By Rusty Gloor, National Social Security Advisor at the AMAC Foundation, the non-profit arm of the Association of Mature American Citizens
Dear Rusty: I started collecting SS when I turned 70 to maximize my income. One factor that is never mentioned is that the annual cost of living increase appears to be based on the previous year’s payment. I’ve talked to others who are about my age (77) and we talked about how much of an adder we will receive. Those who collected earlier always get much less than I do. So, it appears that the annual increase is based on previous year’s payment and not on the original payment from when I started collecting, so it has a compounding impact. Frequently the increase received by those who collected early covers the Medicare increase plus a small adder, whereas I have been getting a much larger increase. Can you comment? Signed: Wondering
Dear Wondering: I’ll be happy to clarify this for you. The annual Cost of Living Adjustment (COLA) for next year is determined by comparing this year’s Consumer Price Index for the 3rd quarter (July-September) to the same period last year. If there is a difference (which there usually is), the percentage of difference becomes the COLA increase percentage for next year. The COLA is applied annually starting with everyone’s December benefit (paid in January).
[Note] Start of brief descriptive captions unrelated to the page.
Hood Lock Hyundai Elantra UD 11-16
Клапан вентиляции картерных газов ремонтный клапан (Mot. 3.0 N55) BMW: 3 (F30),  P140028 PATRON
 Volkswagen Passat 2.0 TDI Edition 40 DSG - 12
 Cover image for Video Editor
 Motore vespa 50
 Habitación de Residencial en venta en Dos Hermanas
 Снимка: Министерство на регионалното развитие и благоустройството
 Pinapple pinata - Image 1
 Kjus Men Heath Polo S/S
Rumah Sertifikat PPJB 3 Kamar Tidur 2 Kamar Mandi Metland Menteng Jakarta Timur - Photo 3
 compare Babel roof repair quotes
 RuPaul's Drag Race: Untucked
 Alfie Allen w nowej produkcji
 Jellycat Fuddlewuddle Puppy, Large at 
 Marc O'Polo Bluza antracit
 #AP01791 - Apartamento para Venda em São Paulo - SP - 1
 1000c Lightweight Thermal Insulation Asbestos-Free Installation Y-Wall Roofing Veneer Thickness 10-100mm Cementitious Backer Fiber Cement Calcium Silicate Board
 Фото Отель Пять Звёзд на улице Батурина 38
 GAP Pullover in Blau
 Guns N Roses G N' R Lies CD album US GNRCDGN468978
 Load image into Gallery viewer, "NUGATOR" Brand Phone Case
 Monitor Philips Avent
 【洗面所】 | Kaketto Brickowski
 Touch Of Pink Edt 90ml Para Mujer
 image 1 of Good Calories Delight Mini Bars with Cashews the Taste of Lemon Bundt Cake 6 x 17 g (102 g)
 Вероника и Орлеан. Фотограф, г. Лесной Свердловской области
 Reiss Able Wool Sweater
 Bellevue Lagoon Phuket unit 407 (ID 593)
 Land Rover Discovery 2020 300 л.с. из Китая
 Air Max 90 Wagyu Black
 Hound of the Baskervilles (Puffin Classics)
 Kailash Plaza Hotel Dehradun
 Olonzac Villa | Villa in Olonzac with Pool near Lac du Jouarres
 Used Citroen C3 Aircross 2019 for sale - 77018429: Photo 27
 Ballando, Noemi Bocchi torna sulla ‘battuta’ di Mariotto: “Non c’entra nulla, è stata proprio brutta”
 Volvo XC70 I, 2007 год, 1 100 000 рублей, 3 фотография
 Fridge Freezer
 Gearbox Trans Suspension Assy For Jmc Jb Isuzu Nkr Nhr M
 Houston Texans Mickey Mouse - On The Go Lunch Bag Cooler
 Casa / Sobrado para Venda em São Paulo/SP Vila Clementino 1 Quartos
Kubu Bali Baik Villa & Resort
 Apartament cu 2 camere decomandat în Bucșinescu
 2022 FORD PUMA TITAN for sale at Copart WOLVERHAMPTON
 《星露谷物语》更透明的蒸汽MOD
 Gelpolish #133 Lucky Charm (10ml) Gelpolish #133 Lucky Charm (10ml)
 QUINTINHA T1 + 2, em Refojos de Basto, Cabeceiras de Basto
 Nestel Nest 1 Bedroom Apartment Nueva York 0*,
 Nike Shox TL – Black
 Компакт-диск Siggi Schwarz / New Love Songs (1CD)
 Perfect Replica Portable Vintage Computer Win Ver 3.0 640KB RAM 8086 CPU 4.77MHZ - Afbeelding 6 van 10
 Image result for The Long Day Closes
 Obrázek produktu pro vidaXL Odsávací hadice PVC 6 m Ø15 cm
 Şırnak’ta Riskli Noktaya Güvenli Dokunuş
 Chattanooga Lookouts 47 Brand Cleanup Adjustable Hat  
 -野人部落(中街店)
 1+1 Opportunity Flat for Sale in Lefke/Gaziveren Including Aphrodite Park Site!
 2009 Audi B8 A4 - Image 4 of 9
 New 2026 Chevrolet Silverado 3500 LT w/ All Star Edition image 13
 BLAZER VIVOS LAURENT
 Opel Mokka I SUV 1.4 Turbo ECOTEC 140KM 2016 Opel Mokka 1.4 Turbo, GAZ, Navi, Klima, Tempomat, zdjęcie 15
Everyone gets a different amount of COLA money because everyone’s Social Security benefit payment is different. Your COLA dollar increase is more than most of your friends because you waited until you were 70 to claim and, thus, have a higher benefit. Your friends who claimed earlier will have a smaller benefit and therefore get a smaller dollar amount as a cost of living increase. COLA is a percentage increase and, since the 2021 COLA increase was 1.3%, applying that percentage to each person’s SS benefit amount results in a different dollar increase for each. And you’re correct; since the percentage of increase is applied to your current benefit amount and not your original benefit amount, COLA increases are, indeed, compounded.
To further complicate matters, Social Security’s “hold harmless” provision sometimes results in beneficiaries paying less than the standard Medicare premium amount. If someone is now paying less than the monthly Medicare premium ($148.50 for Part B (outpatient services)), any COLA increase awarded is used to bring their Medicare Part B premium up to (or closer to) the standard premium for that year. That means that sometimes the full amount of COLA dollars aren’t reflected in each person’s net Social Security payment, further confusing people when they see that their total SS payment didn’t increase by the announced COLA percentage.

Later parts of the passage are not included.